- Operation Manchester: Part of the Vietnam War
| Date | 4 December 1967 – 17 February 1968 |
| Location | Tân Uyên District, Bình Dương Province, South Vietnam |
| Result | U.S. operational success |

Belligerents
- United States: Viet Cong
- Commanders and leaders: BG Robert C. Forbes Lt. Col. William S. Schroeder

Units involved
- 199th Infantry Brigade: 274th Regiment D800 Battalion;

Casualties and losses
- 37 killed: US body count: 456 killed

= Operation Manchester =

Part of the Vietnam War (1967–1968)

Operation Manchester was a security operation conducted during the Vietnam War by the U.S. 199th Infantry Brigade in Tân Uyên District, South Vietnam from 4 December 1967 to 17 February 1968.

==Background==
Viet Cong (VC) forces operated a supply network of footpaths and ox trails parallel to the Đồng Nai river through western Tân Uyên District connecting War Zone D to southern Bình Dương Province. This supply route was defended by the Đồng Nai Regiment. Between 22 and 25 November the Đồng Nai Regiment had attacked the Army of the Republic of Vietnam (ARVN) 48th Regiment, 18th Division killing several dozen soldiers.

Brigadier General Robert C. Forbes planned to deploy the 4th Battalion, 12th Infantry to interdict the supply route and allow the ARVN 48th Regiment to extend security over the densely populated hamlets along the banks of the Đồng Nai river.

==Operation==
On 4 December, 4/12th Infantry commanded by Lieutenant Colonel William S. Schroeder, began landing several kilometers north of Tân Uyên town. That unit together with Battery C, 2nd Battalion, 40th Artillery Regiment began constructing Firebase Nashua.

On the early morning of 6 December, a VC mortar attack hit Firebase Nashua, killing or wounding several Americans. At dawn, two platoons from Company A 4/12th Infantry and a scout dog team searched for the VC southeast of the firebase. That afternoon as the force moved through an area of thick vegetation it was ambushed by the D800 Battalion of the Đồng Nai Regiment in concealed bunkers, with more than 12 U.S. soldiers killed or wounded in the initial fire. Schroeder ordered Company C to assist, together with M113s from Troop D, 17th Cavalry Regiment and called for the Brigade reserve, the 3rd Battalion, 7th Infantry Regiment, to be flown in from Long Binh Post. These reinforcements were able to extract Company A by nightfall, they had suffered 25 killed and 82 wounded and 2 M113s were damaged by mines. 67 VC bodies were recovered.

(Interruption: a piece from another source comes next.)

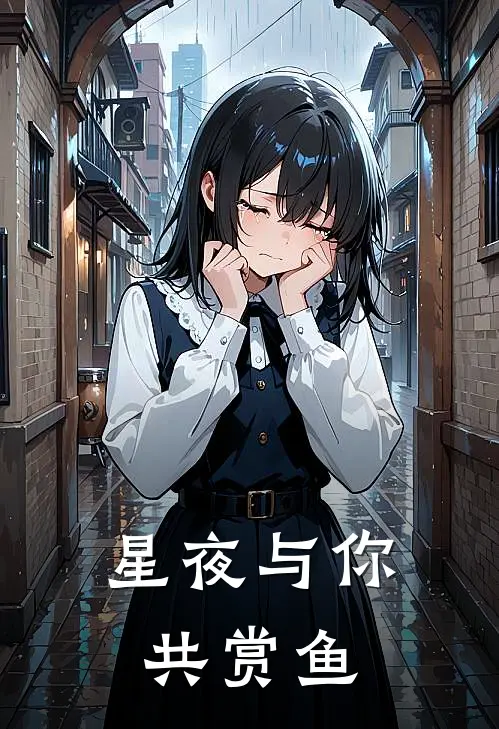 星夜与你共赏鱼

Following that engagement Forbes reinforced his units, deploying the 3/7th Infantry, into the eastern part of Tân Uyên District, where it established Firebase Keane. A battery of M55 self-propelled howitzers from the 2nd Battalion, 35th Artillery, was deployed to Firebase Nashua. Forbes was also given control of the recently deployed Company F, 51st Infantry Regiment, a Long-range reconnaissance patrol unit.

On 19 December, a team from Company F, 51st Infantry, observed VC troops while patrolling the southern edge of War Zone D. A company from the 4/12th Infantry was landed by helicopter to engage the VC supported by helicopter gunships from the 3/17th Cavalry. The VC withdrew into War Zone D, leaving 49 dead, while U.S. losses were seven dead.

On 27 December, the 4/12th Infantry engaged a company-size VC unit southeast of Firebase Nashua, killing 30 for the loss of three U.S. dead.

==Aftermath==
The operation concluded on 17 February 1968. VC losses were 456 killed, while U.S. losses were 37 killed. It was considered a success because the U.S. forces had kept the VC away from Tân Uyên town and the Đồng Nai river hamlets and prevented rocket attacks on Long Binh.